Bob Morse of U.S. News reports that the magazine is considering two rather modest changes to its ranking methodology: first, including part-time JD students in its calculation of median GPA and LSAT; and second, using only the bar passage rate for ABA-approved law schools in calculating the relative success of a school's graduates on the bar. As Mr. Morse mentions, the second change would have the biggest impact on the accredited California schools, which are helped by the fact that their bar passage rates are compared to a state-wide average that includes graduates of more than a dozen non-accredited law schools, most of whose graduates have much lower rates of success. Since bar passage accounts for only 2% of the overall score, the effect of this change will be minimal.
Including part-time JD students in the GPA/LSAT calculation will, indeed, defeat one of the many gaming strategies that have emerged in recent years, but affected schools will presumably just increase their reliance on transfers to avoid taking too big a hit. But including part-time students is also going to have pernicious consequences as well, given the way the US News tail wags the legal education dog. For many, probably most, part-time programs serve older, working students, who might not have time for fancy LSAT prep courses, but who bring levels of dedication, seriousness, and pertinent experience that enrich legal education and the legal profession. What a loss it will be if, out of fear of US News, schools start cutting back their part-time programs or rejecting these students whose numerical credentials might impede their crusade for a "higher ranking." (As Dean Gary Simson of Case Western wrote on a listserve for law schools Deans--he forwarded it to me--perhaps these latest proposed modifications to the rankings should be "treat[ed]...as a wake-up call and....should cause us all to finally say 'enough' and that we are done participating in a ranking system that has done substantial harm and little, if any, good to legal education in the United States. Even deans at the most highly ranked schools -- those schools that today appear to be winning in the rankings game -- should recognize that they have a major stake in abandoning a system that, at some magazine editors' whim, could be suddenly revamped in ways that could send those schools plummeting from their lofty perch." What say you Dean Koh? Dean Kagan? If Yale and Harvard publicly opted out of US News, this would have a dramatic effect.)

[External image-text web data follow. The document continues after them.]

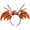 OR, variant on Hwkond Outdoor Halloween Decorations Spider Halloween Face Wing Festive Up Hair Buckle Winged Spider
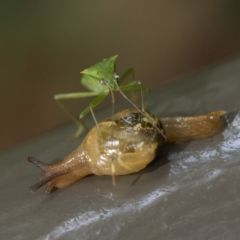 Mysticarion porrectus (Golden Semi-slug) at ANBG - 1 Apr 2023 by patrickcox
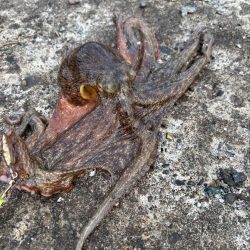 今日の主役ネイビーブラザーズ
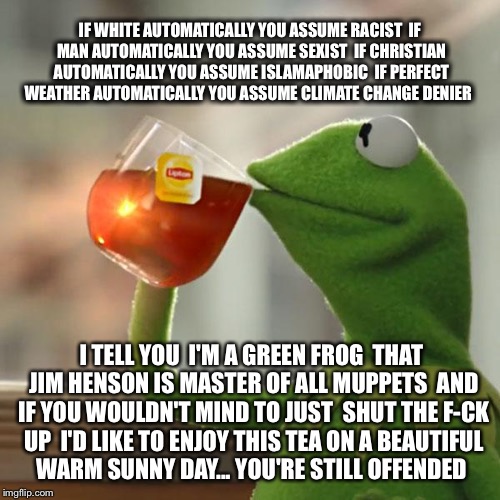 They're Probably Planning A Boycott Of The Children's Television Network With Protests On 123 Sesame Street | IF WHITE AUTOMATICALLY YOU ASSUME RACIST  IF MAN AUTOMATICALLY YOU ASSUME SEXIST  IF CHRISTIAN AUTOMATICALLY YOU ASSUME ISLAMAPHOBIC  IF PERFECT WEATHER AUTOMATICALLY YOU ASSUME CLIMATE CHANGE DENIER; I TELL YOU  I'M A GREEN FROG  THAT JIM HENSON IS MASTER OF ALL MUPPETS  AND IF YOU WOULDN'T MIND TO JUST  SHUT THE F-CK UP  I'D LIKE TO ENJOY THIS TEA ON A BEAUTIFUL WARM SUNNY DAY... YOU'RE STILL OFFENDED | image tagged in islam,christian,climate change,sexism,sjw,political meme | made w/ Imgflip meme maker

What is perhaps most striking about these two proposals for change is how modest they are, how they barely scratch the surface of the litany of fatal problems now afflicting the U.S. News rankings. I reviewed these problems in my open letter several months ago, and Mr. Morse indicated previously that he would address these issues. I hope he will still do so. I know many Deans and faculty contacted Mr. Morse at that time; I would urge them to do so again.